NAFTA wasn’t the beginning; it was the last nail in the coffin of the postwar boom that elevated blue-collar manufacturing jobs to professions paying enough to finance the American Dream. Year after year, millions of workers lost good jobs and were forced to make do with two lousy ones. Inner cities, and not a few suburbs, rotted and died. Neither major party talked about the Making of America Not Great Anymore, much less tried to do anything about it. Trump scored big Rust Belt points merely by acknowledging the long-ignored pain of millions.

  1. In media coverage of the horse race, some candidates are more equal than others.

If you were designing American democracy from scratch, you’d probably make it a rule that every candidate for office receives the same attention from the media. (France does this.) But we’re light years away from that ideal. Trump received more TV minutes and column-inches than his Republican rivals because he was (a) outrageous and (b) a celebrity. Clinton’s coverage overshadowed Sanders’ because media gatekeepers were (a) enamored of their pre-fab “first woman president follows first black president” narrative and (b) couldn’t imagine that an elderly socialist from Vermont could be a serious contender. Who would be president-elect today had Rand Paul, Carla Fiorina and Bernie Sanders been given a fair chance to make their cases to the voters? Probably not Trump.
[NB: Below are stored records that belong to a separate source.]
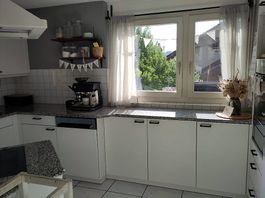 Komplette Küche mit Granit-Arbeitsplatte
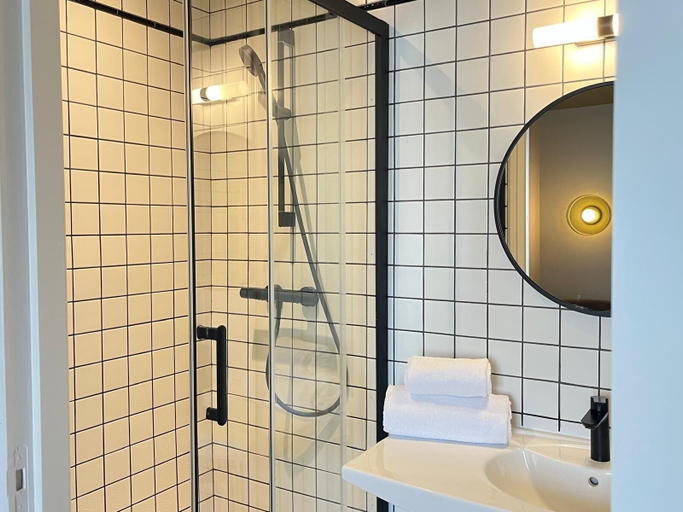Bathroom 2, Monsieur Jules Hôtel Clamart, Hauts-de-Seine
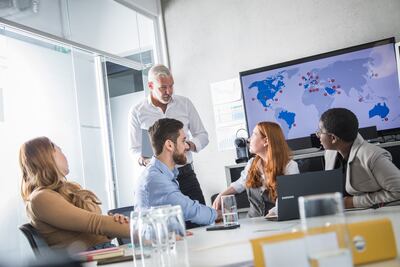 Una cultura abierta al error es un gran reto para todos los implicados, ya que cada falla plantea cuestiones fundamentales sobre uno mismo, sobre los compañeros, sobre los directivos y sobre toda la organización.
Operator Errors: Screw-Ups By Individual Politicians and Organizations

  1. Hillary’s campaign partied like it was 1996.

Campaigning has changed since the Clintonian heyday of the ’90s, but Hillary’s strategists didn’t get the memo. Trump ad-libbed outrageous vidbytes at his rallies, making them must-see TV and earning billions in free exposure; Hillary stuck to her deadly dull stump speech, doomed to be ignored. While Trump worked Twitter like a tween at 3 am — ensuring that story-hungry editors would see his hilarious rants when they arrived at their desks — it took 12 Clinton staffers to compose a single tweet whose made-by-committee provenance made it dead on arrival. She spent many millions on a repeat loop of anti-Trump TV ads featuring clips everyone had already seen. Considering that she barely survived Bernie Sanders’ primary challenge, it should have been obvious to her team that the Democratic party has moved left (as has the nation). So why did her 2016 campaign follow the old Dick Morris move-right-for-the-general-election model from 1996, moving right in order to “reach out to Republican megadonors“? Meanwhile, Morris himself understood the new reality. “But Trump is doing more than driving populist Democrats into Republican arms,” Morris wrote. “He is separating the establishment left of the Democratic Party from its populist base. His candidacy separates the blue-collar social populists from their partisan moorings even as his economic populism appeals to the Sanders left.” He wrote that in May.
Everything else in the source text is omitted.